When I attach a new replica, it is completes initializing with ~1 hour of lag, and it takes *10 hours* to catch up. When I turn the binlog format to `ROW` on the replica, the lag starts increasing indefinitely if `sync_binlog=1`.
I have tracked this down to the `SQL_THREAD` in particular on the replica that is struggling to keep up.
I'm trying to work out why replication is so slow, given that no system resources appear to be saturated.

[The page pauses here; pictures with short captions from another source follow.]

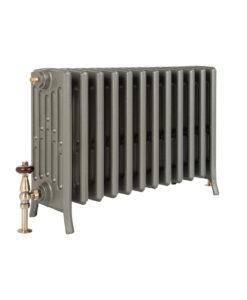 Grace 6 Column Cast Iron Radiator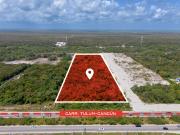 Macrolote en venta ubicado en Carretera Cancún Playa del...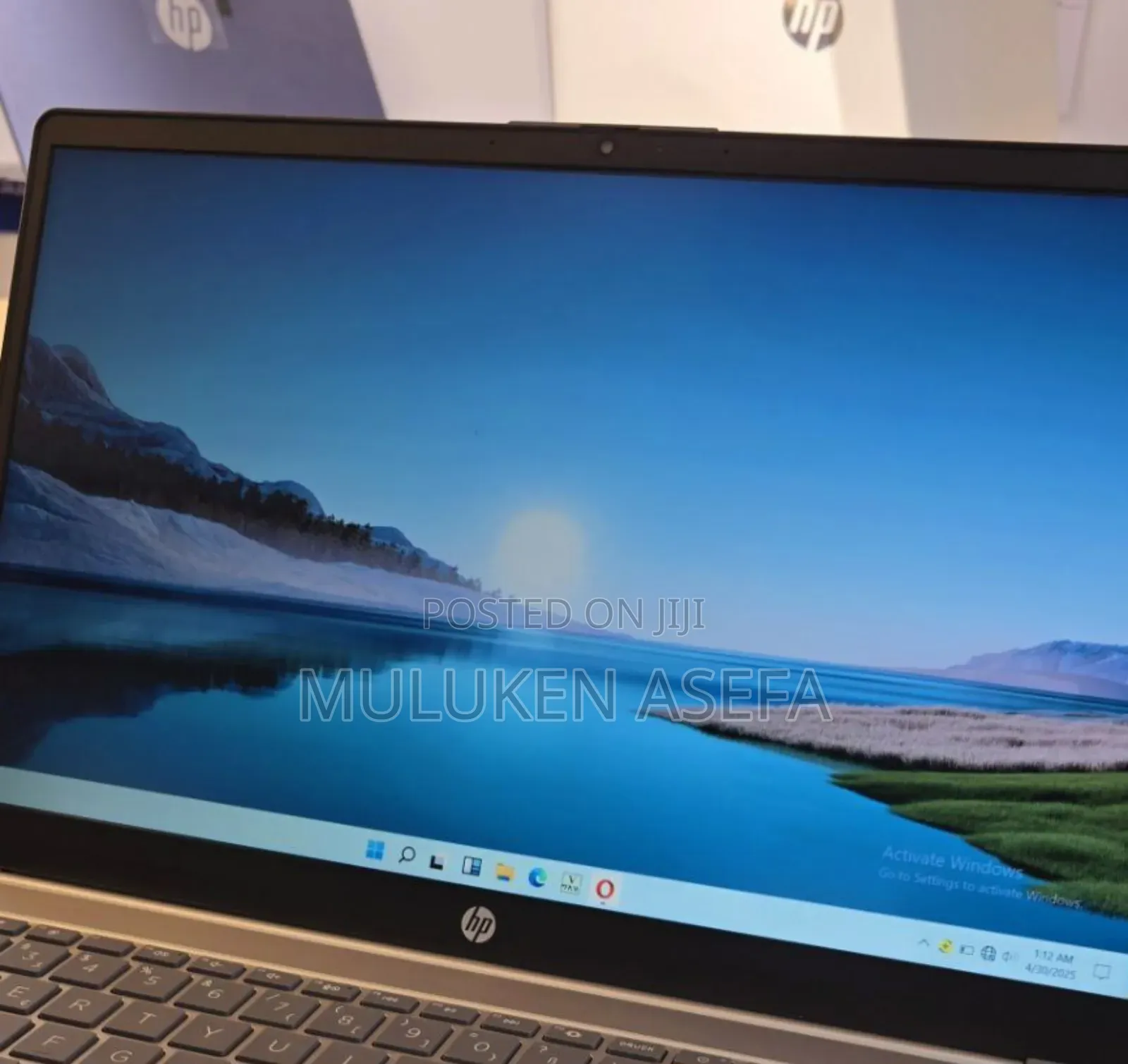 New Laptop HP Stream Notebook 16GB Intel Core I5 SSD 1T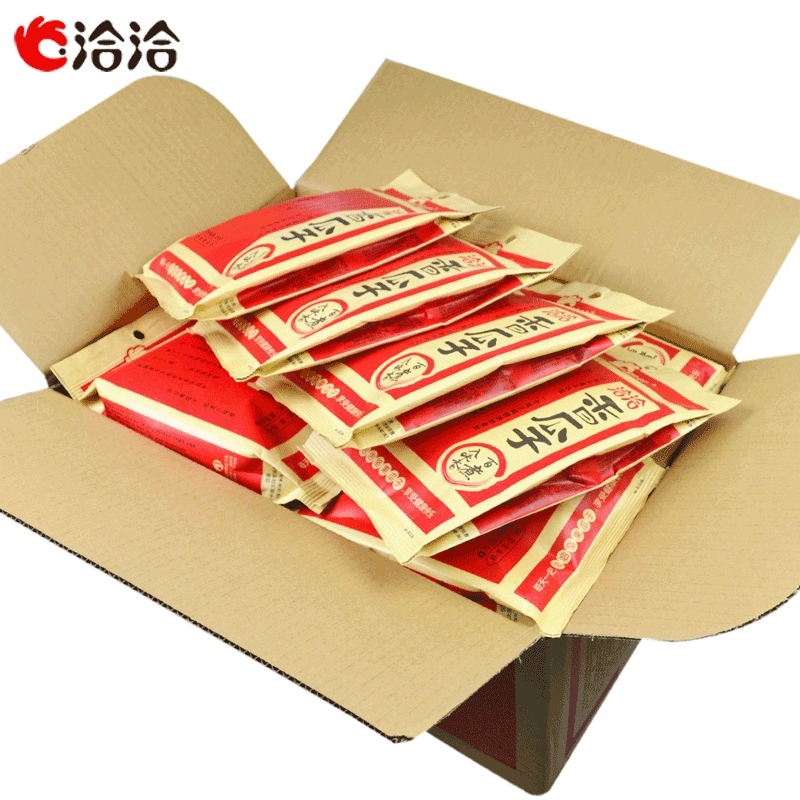 聚味园食品专营店洽洽香瓜子308g*18袋整箱批发恰恰308克五香味水煮葵花籽袋装零食0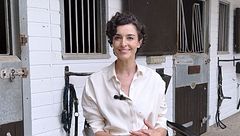 Blanca Romero es Alicia Hermida, la teniente más implacable de 'Pura Sangre': "No va a estar tan tranquila como pensaba"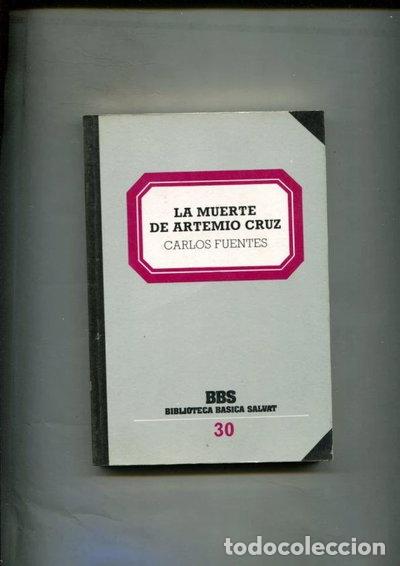 Libri di seconda mano: La muerte de Artemio Cruz- 9788434580336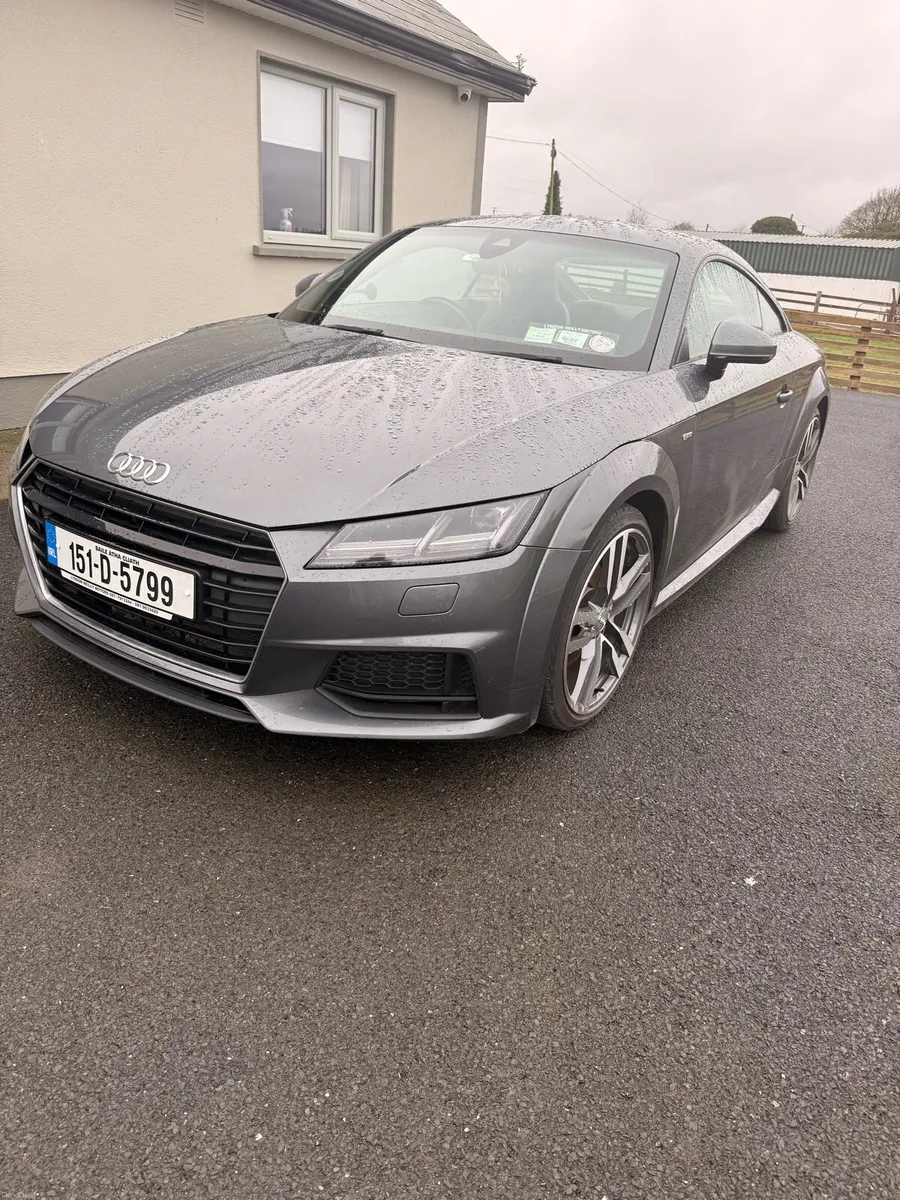 Audi TT Sline - Image 4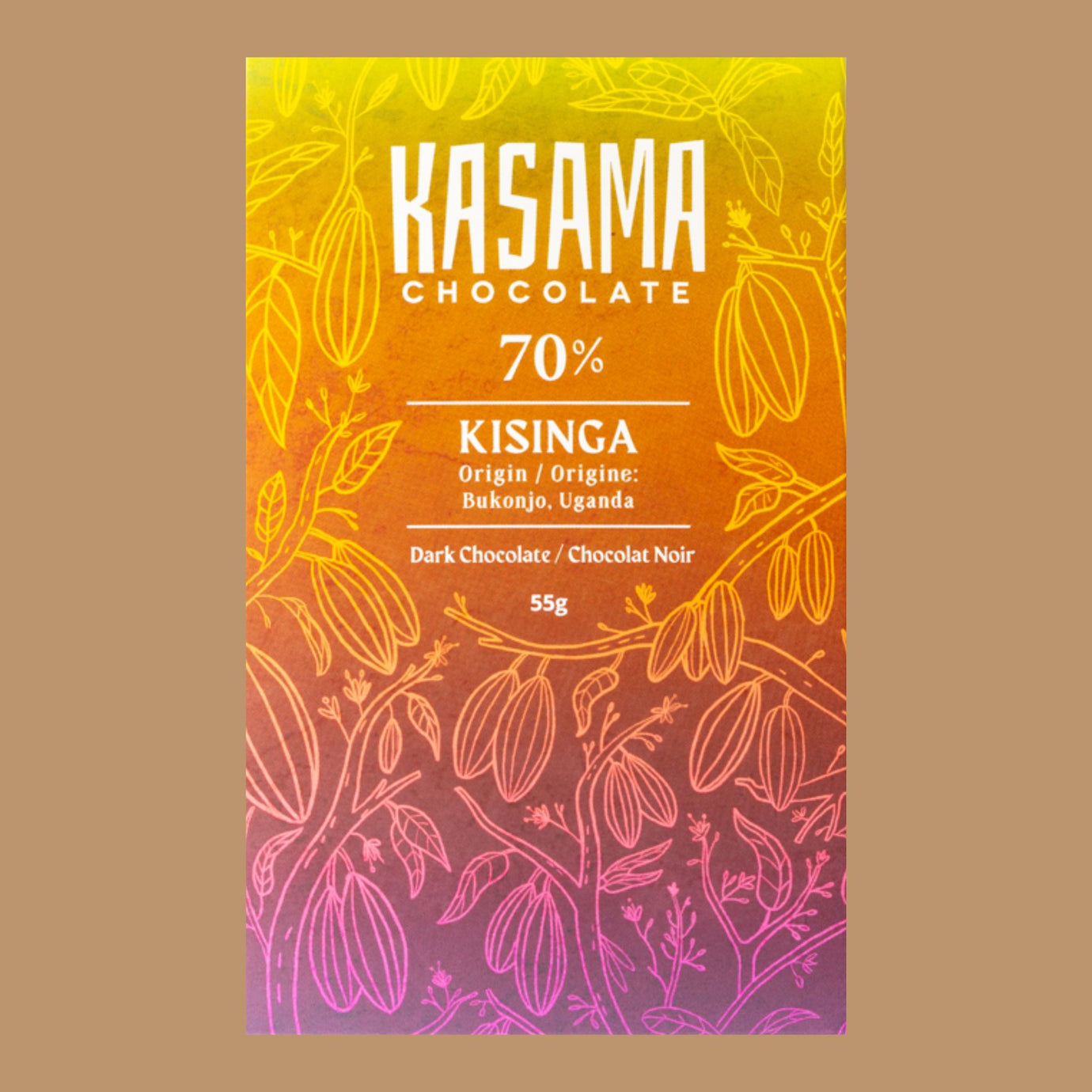 Kasama - Kisinga, 70%
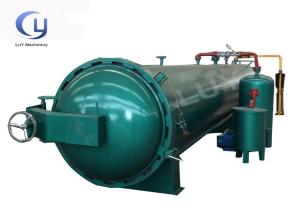 Quality Wood Preservative Creosote Treatment Plant , Wood Heat Treatment Equipment wholesale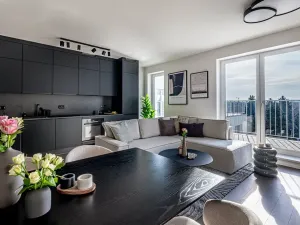 Prodej bytu 4+kk, Praha - Běchovice, Českobrodská, 115 m2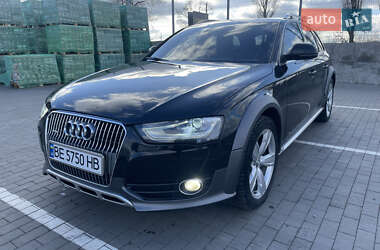 Универсал Audi A4 Allroad 2013 в 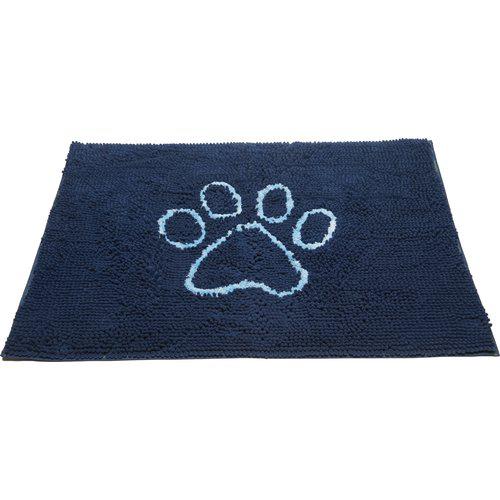 dirty dog doormat dørmatte liggematte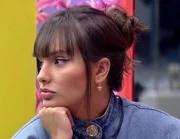 Thaís é a décima eliminada do BBB21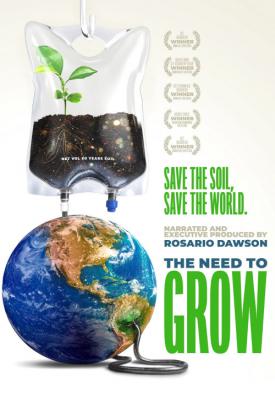 poster for The Need to Grow 2019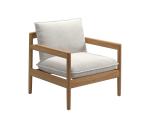 Solid wood recliner outdoor furniture sofa fabric material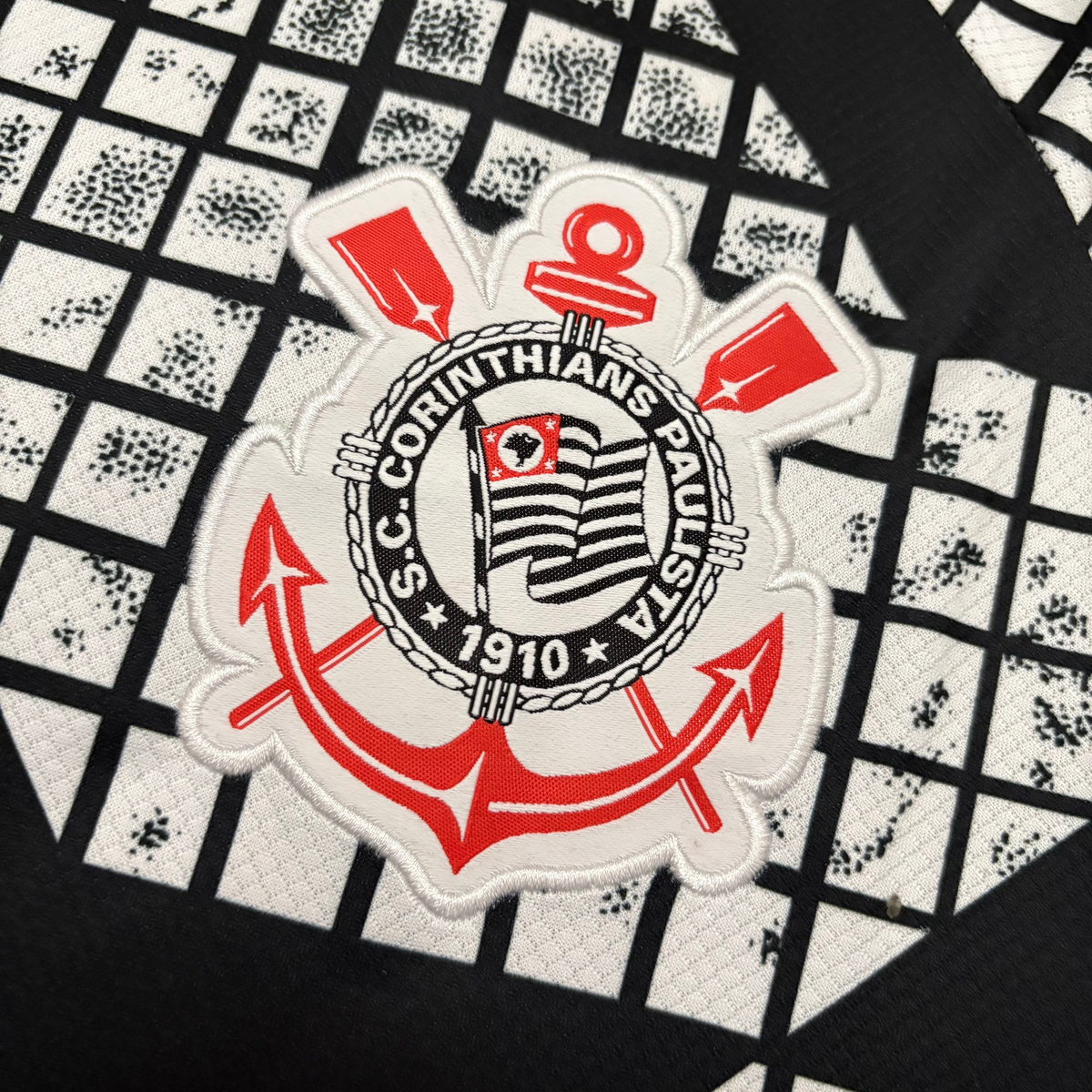 Camisa Corinthians Especial 2020 25/26 Torcedor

The write IOPS on the master does not exceed 2,500/s during short-lived spikes. The average is more like 470/s. Read IOPS are very low: no more than 100/s. We have a *baseline* capacity of 2,700/s IOPS because we have a 900GiB General Purpose SSD. See AWS docs on this:
https://docs.aws.amazon.com/AmazonRDS/latest/UserGuide/CHAP_Storage.html. I also don't think the disk is the bottleneck because the DiskQueueDepth doesn't exceed 1.
I don't believe the issue is saturating the network because the `IO_THREAD` on the replica is keeping up with the master.
The CPU and memory usage on the replica seem ok. CPU doesn't go above 8% utilization on an 8 vCPU instance, and it has 8 GiB freeable memory.
Does anyone have any ideas for how I can track this down further?